↓

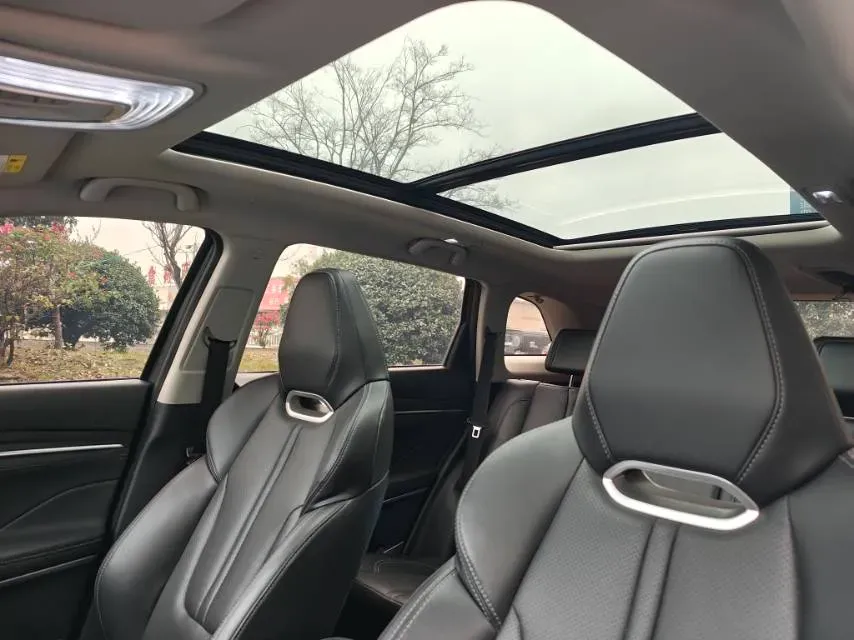 2020 ChangAn CS75 Plus 2.0T 233HP L4 8AT,autocango,china used car exporter,china ev exporter,chinese used car exporter,chinese used ev exporter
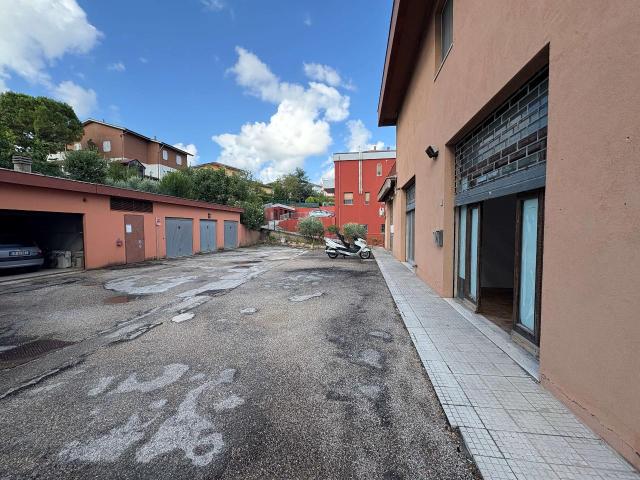 Palazzo in vendita a Baraccola Ovest, Marche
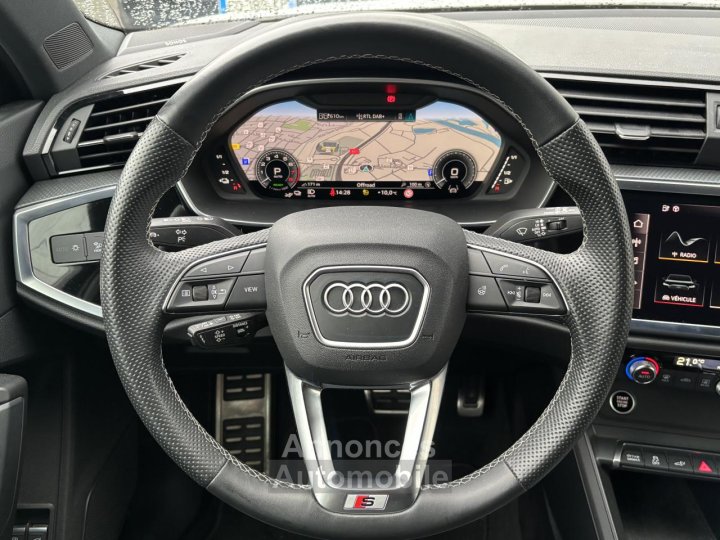 Audi Q3 45 TFSI e - 245 - BV S-Tronic 6  S Line - 5
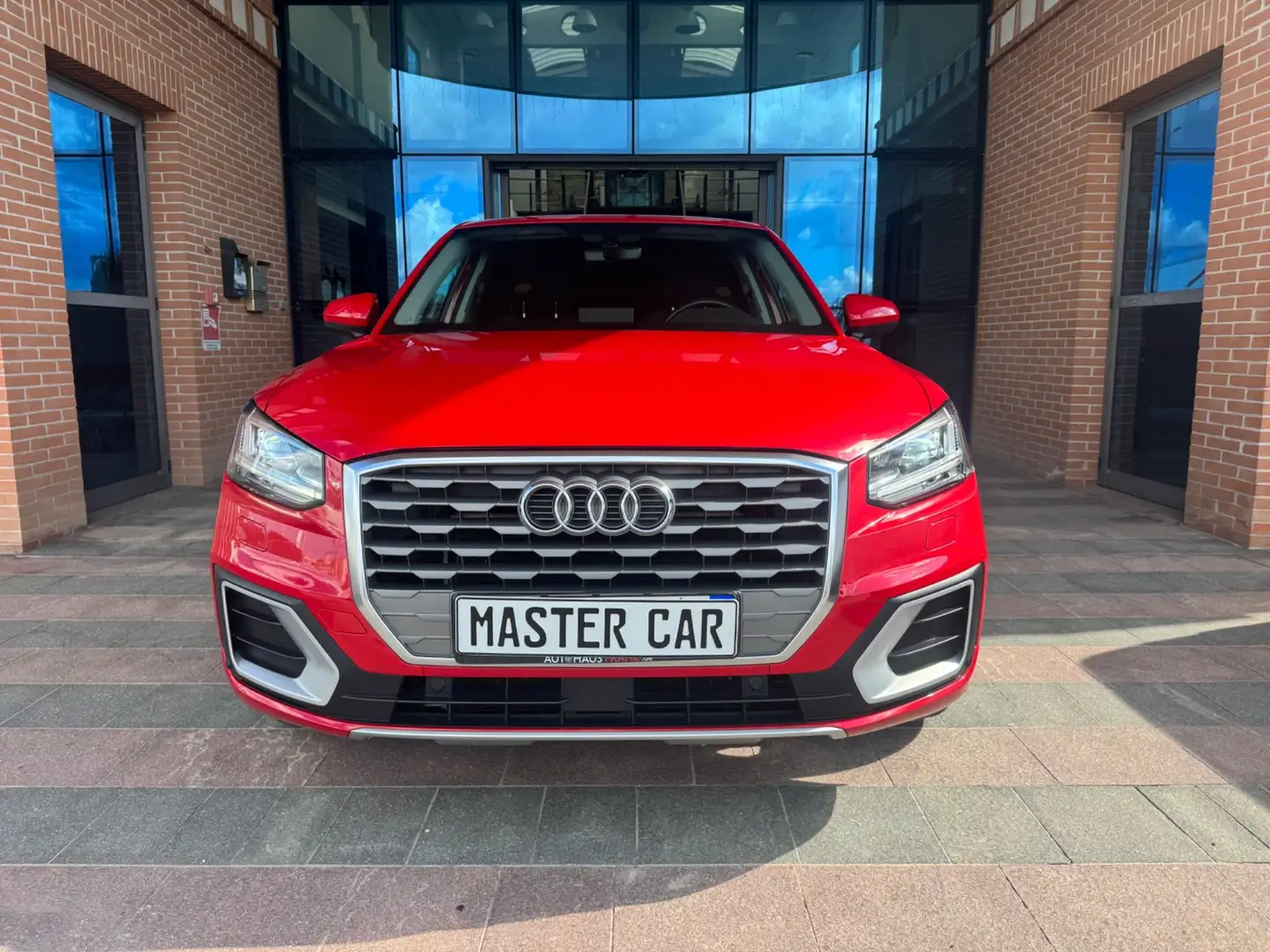 Audi Q2 Q2 1.4 TFSI COD S tronic Sport Rojo - 2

↑

(REQUIRED ACTION):
Please restate the data word for word, leaving out any picture it holds.

(RESPONSE BOX):
 2020 ChangAn CS75 Plus 2.0T 233HP L4 8AT,autocango,china used car exporter,china ev exporter,chinese used car exporter,chinese used ev exporter
 Palazzo in vendita a Baraccola Ovest, Marche
 Audi Q3 45 TFSI e - 245 - BV S-Tronic 6  S Line - 5
 Audi Q2 Q2 1.4 TFSI COD S tronic Sport Rojo - 2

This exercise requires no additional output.